During the 2006 Lebanon/Israel conflict, Mazen started his website kerblog to share the drawings inspired by the chaos unfolding around him and the anxiety building within him. For the first time cartooning- a solitary medium that normally relied on only his “mind and paper” - suddenly generated community feedback. Friends and family outside of Lebanon could get insight on what was happening as soon as Mazen posted his work online. Cartooning became a communicative performance. Over the course of the 34-day war, Mazen admittedly got very close with his drawings. It also allowed those outside Lebanon to get a more personal and intimate look into war beyond the newspapers and mass media accounts.

Drawing on Emotion

Mazen is an artist of many talents - cartoons, music, painting, performance, and installation art.
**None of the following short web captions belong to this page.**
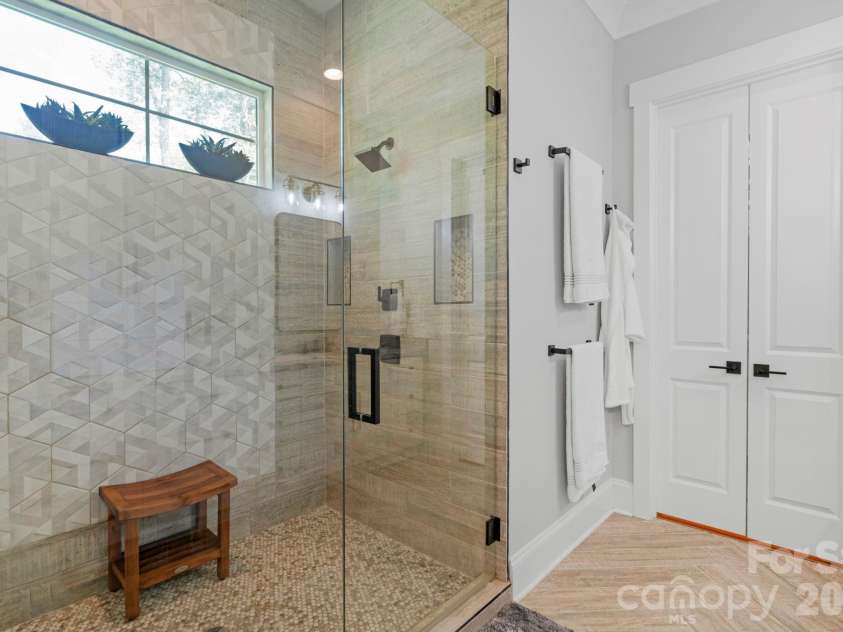 365 Stone Cliff Lane, Clover, SC 29710.  MLS# CAR4365360, YatesRealty ID 24968. 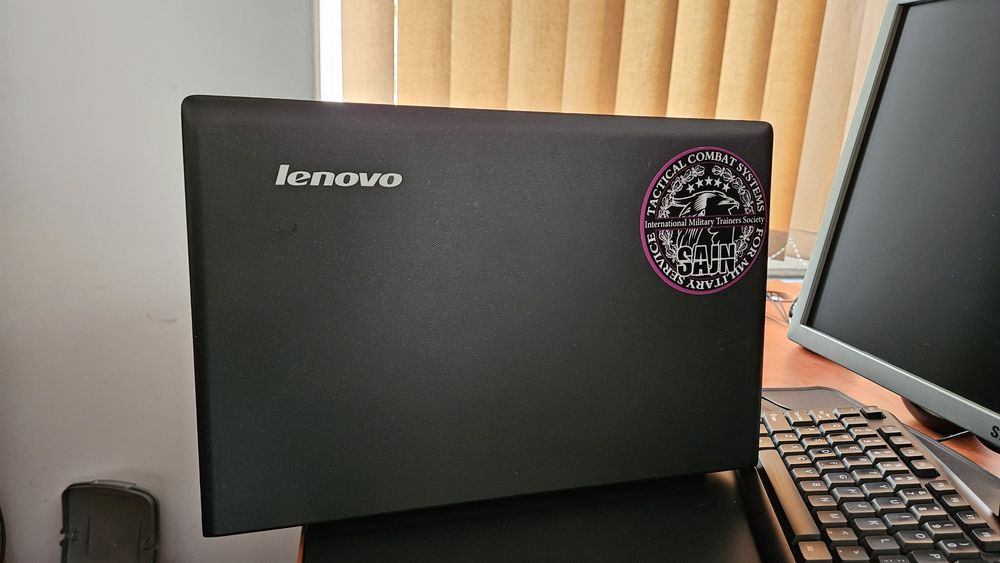 Laptop Lenovo ideapad  procesor Intel i3, karta graficzna Radeon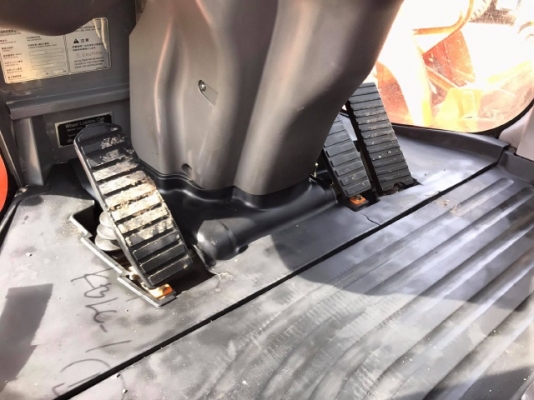 ขายรถตักล้อยาง HITACHI ZW150 (เทียบเท่า WA270-6) รถนอกนำเข้าจากญี่ปุ่น สภาพสวยพร้อมใช้ มีVDOการทำงานครับ ขายรถตักล้อยาง HITACHI ZW150 (เทียบเท่า WA270-6) รถนอกนำเข้าจากญี่ปุ่น สภาพสวยพร้อมใช้ มีVDOการทำงานครับ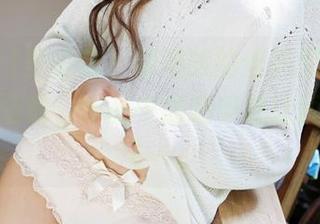 MyGirl美媛馆 – 胡润曦的丝袜图，无法抗拒的搭配，作品中的细节总让我脑海乱飞…。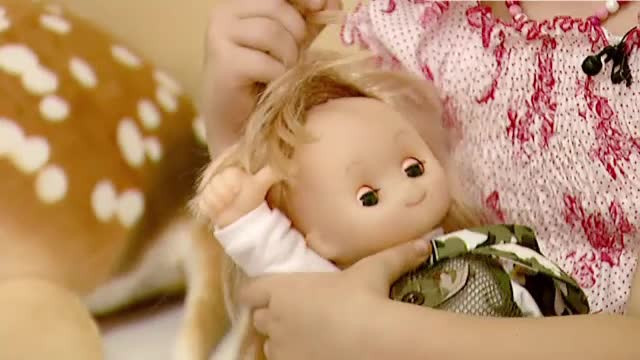 Avertisment dur al specialistilor europeni. Substantele care provoaca pubertatea precoce a copiilor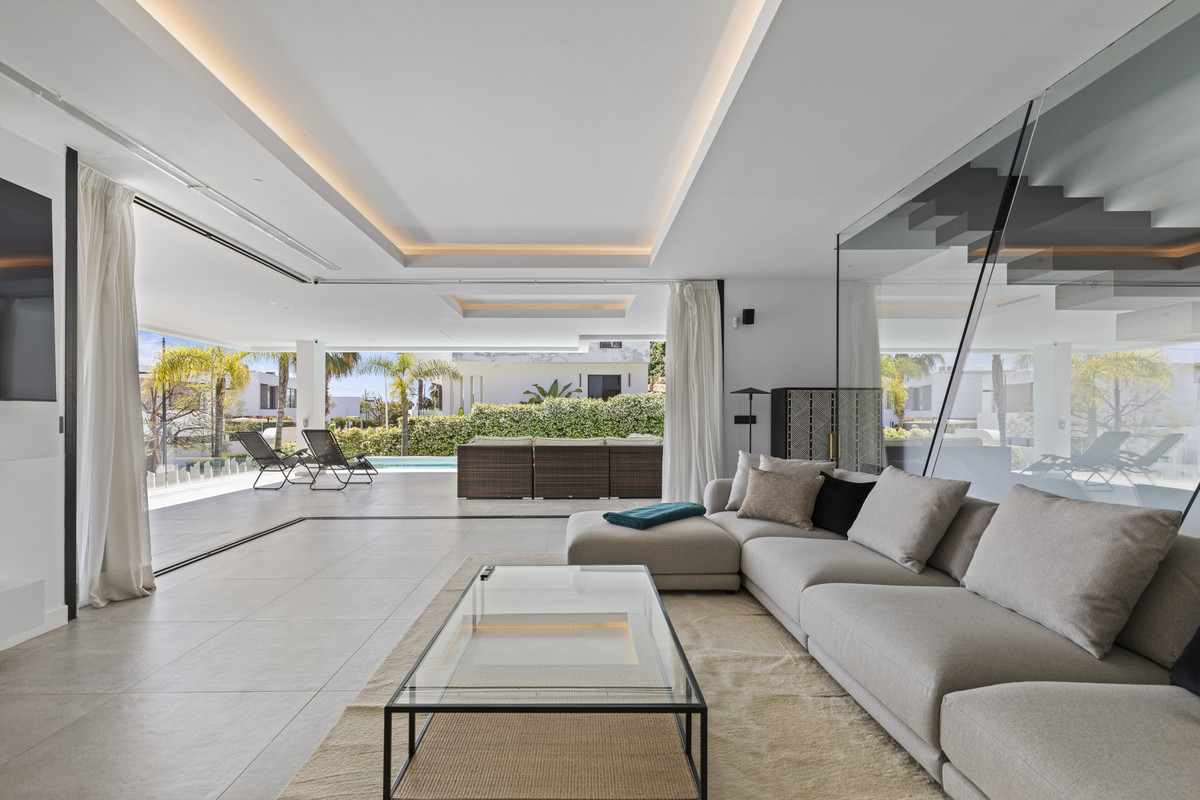 4 Bedroom Villa in Estepona - Photo 19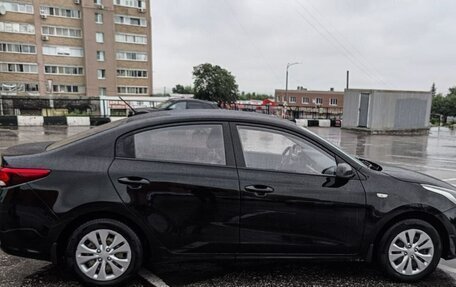 KIA Rio IV, 2017 год, 1 380 000 рублей, 4 фотография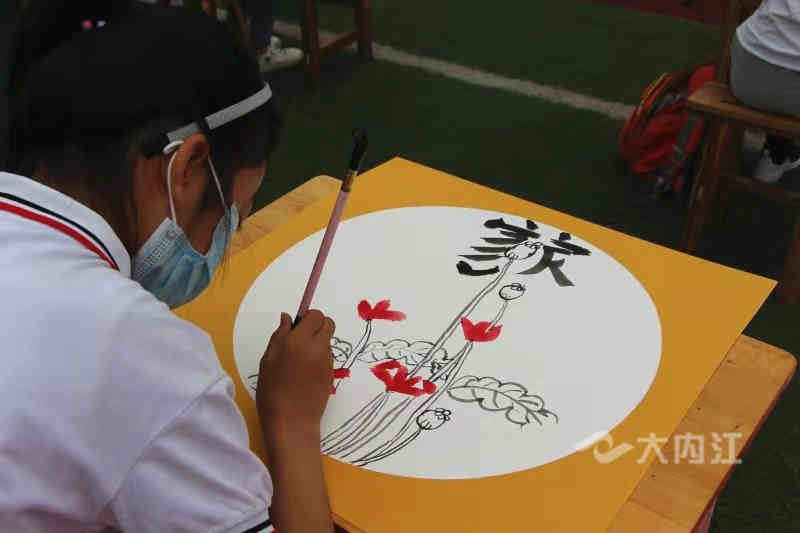 281604_1592896389622279.jpg 4_副本.jpg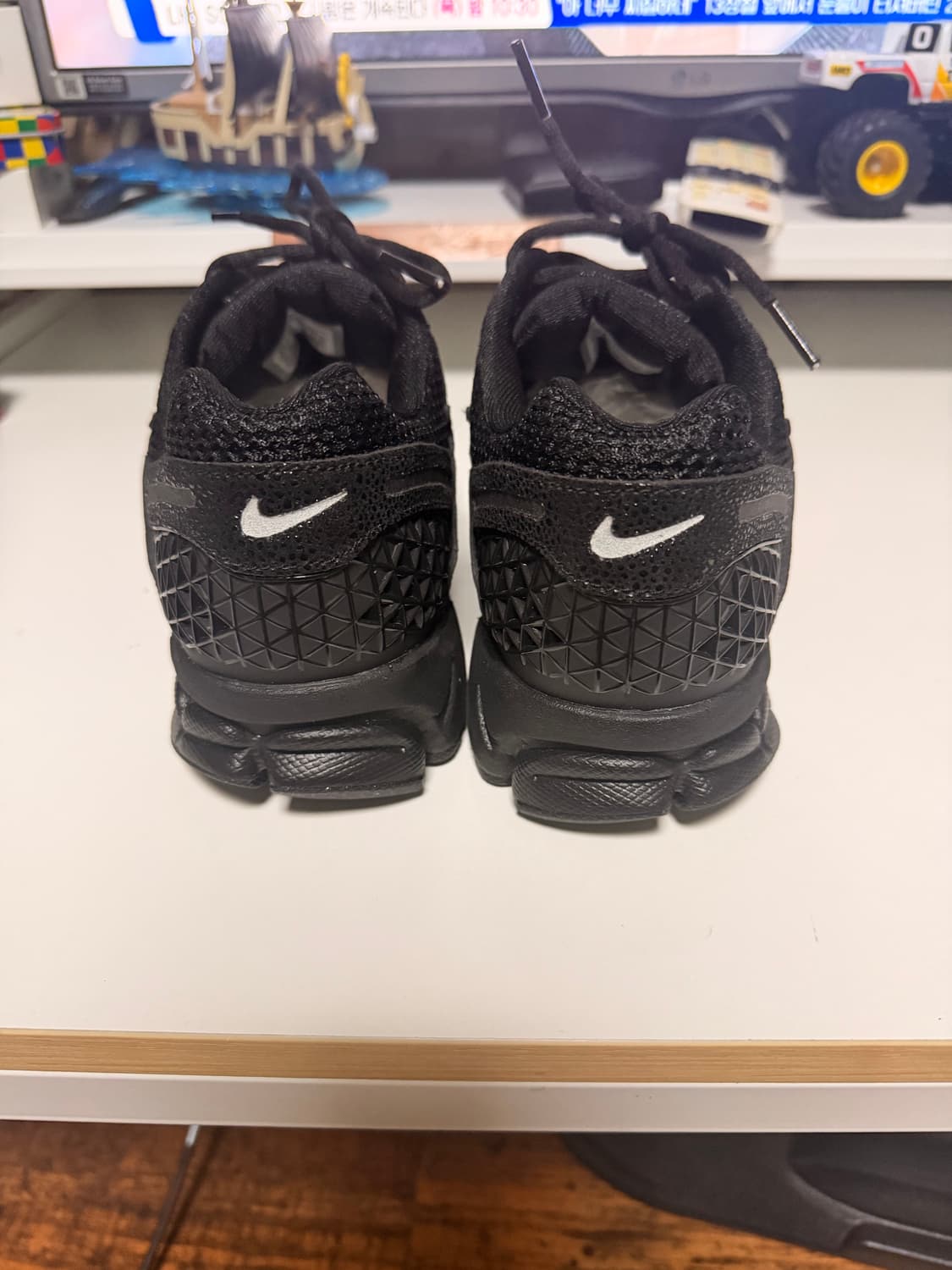 나이키 줌 보메로 5 블랙 메탈릭 실버 265 상품이미지4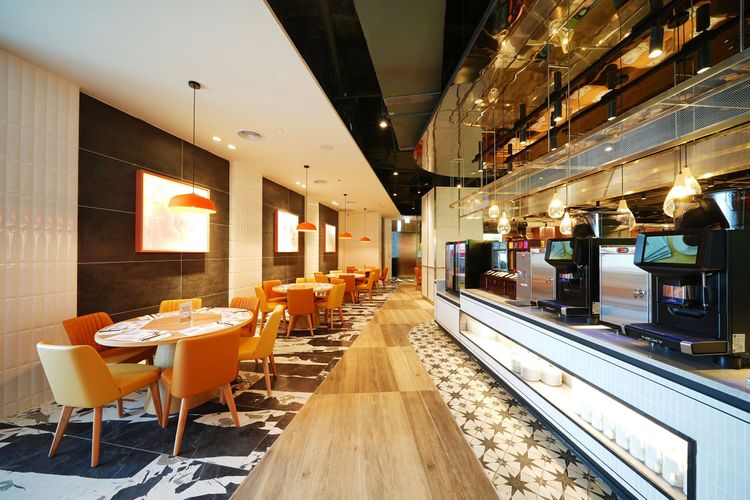 「饗食天堂高雄夢時代旗艦店」全店536坪、400席座位。業者提供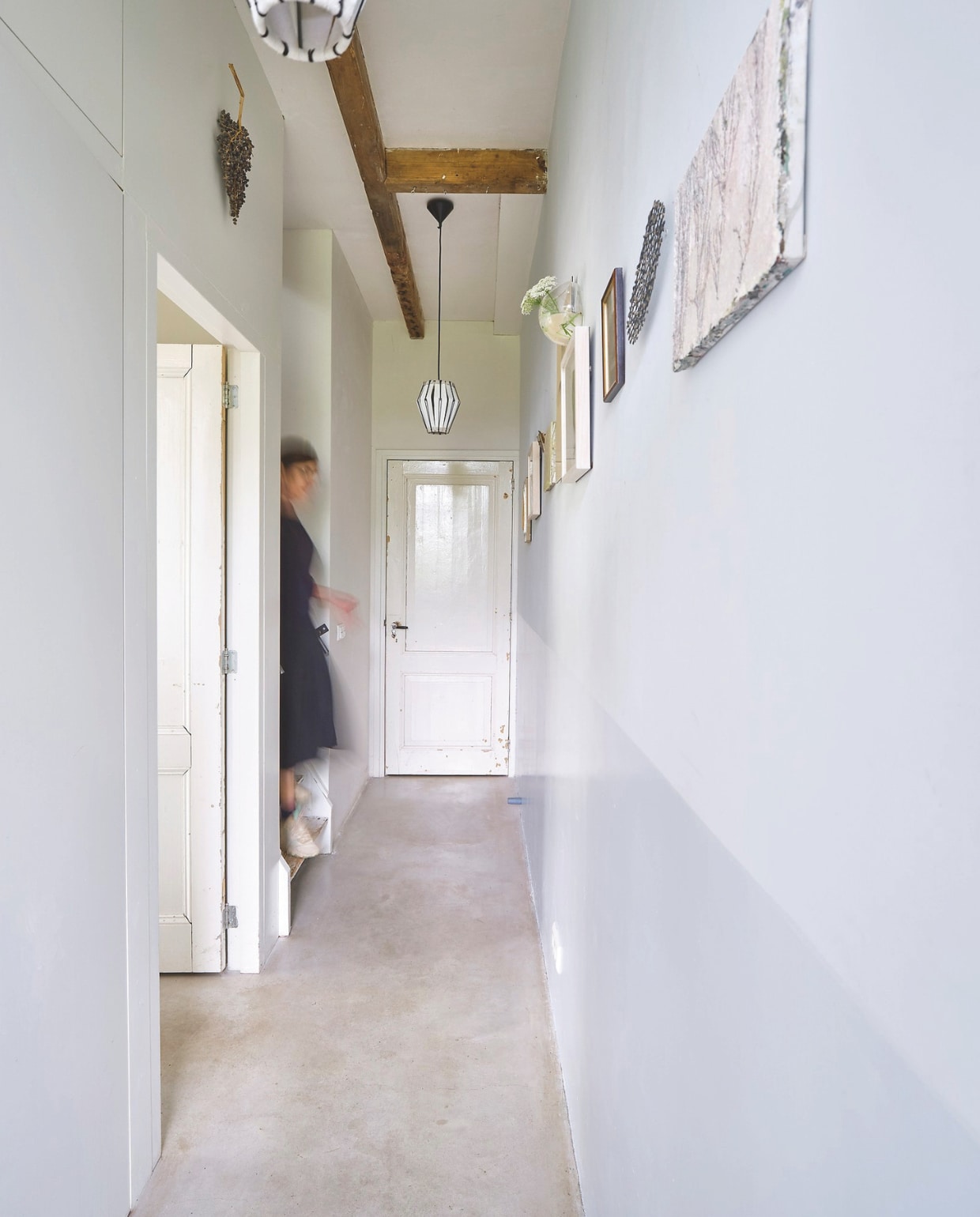 Vloer gevlinderd beton met vloer-verwarming. Muurkleur Bone China Blue Pale van Little Greene. Boven matte muurverf, onder matglans lak. Lampen Kiki van Eijk voor Social Label. Kunstwerken o.a. Han Klinkhamer, Henk Wolvers. vtwonen 03-2025 | fotografie René van der Hulst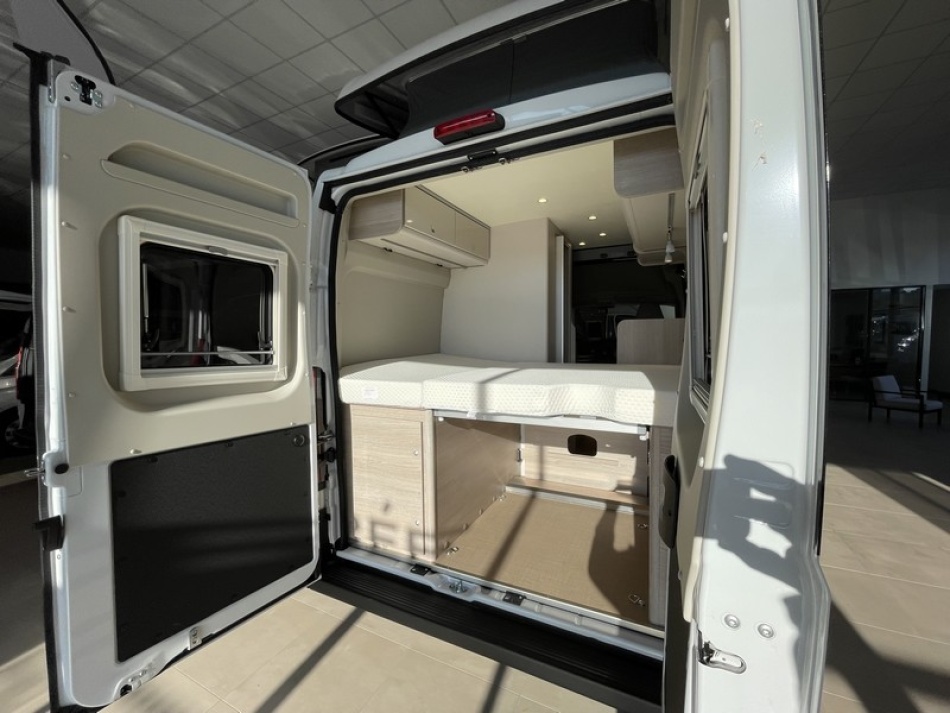 camping car BURSTNER - CAMPEO C 540 TOIT RELEVABLE modele 2023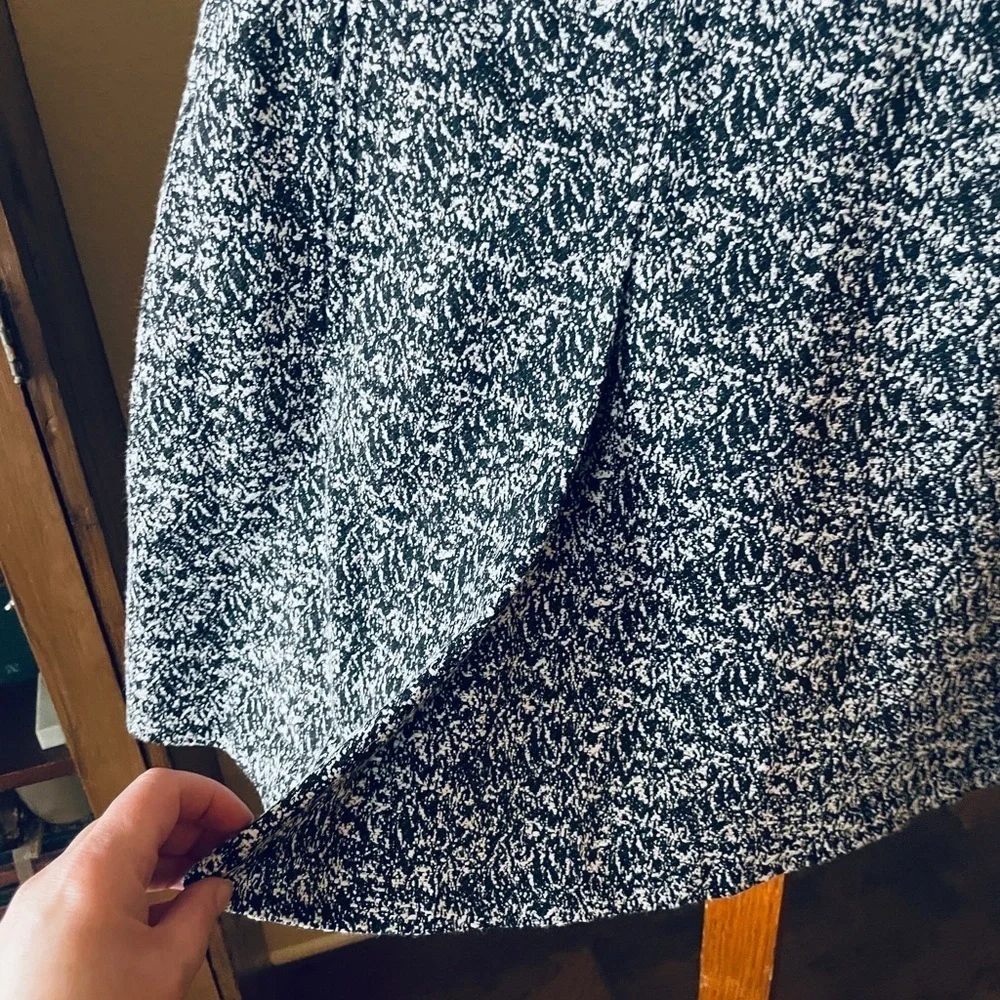 Banana Republic pleated abstract a-line mini skirt pockets lined 10 black white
He professes his work, and in particular his cartoons, is not inherently apolitical, but rather anti-war. And while art and music critics are inclined to associate his experimental sounds, his improvisational style, and untraditional methods to a much grandeur political or social statement, Mazen insists his work allows him to stay sane, counterbalance the horrors of war, and transpose his anger. He is not consciously producing war sounds in the industrial mechanics of his music, or delivering political statements in his edgy artwork. Nonetheless, his artistic methods invite the audience to contemplate the larger political and social context from which Mazen creates.

Post-war Blues

After the war, Mazen candidly explained how he, like many other artists, went through a period of “after-war blues”- a response to the aftermath of such intense emotion and heightened creativity during the war. All the energy and flourishing of art during periods of unrest and instability suddenly came to a halt. Though war is far from ideal, there can be positive after-effects from conflict. Both during and after such periods, community bonds can strengthen, individual needs can be redefined, and social balances can be reestablished. And yet in the aftermath of conflict, works like Mazen’s, including his weblog and his various musical events, will remain not only as artistic byproducts, but also careful reminders of how people are personally affected by war.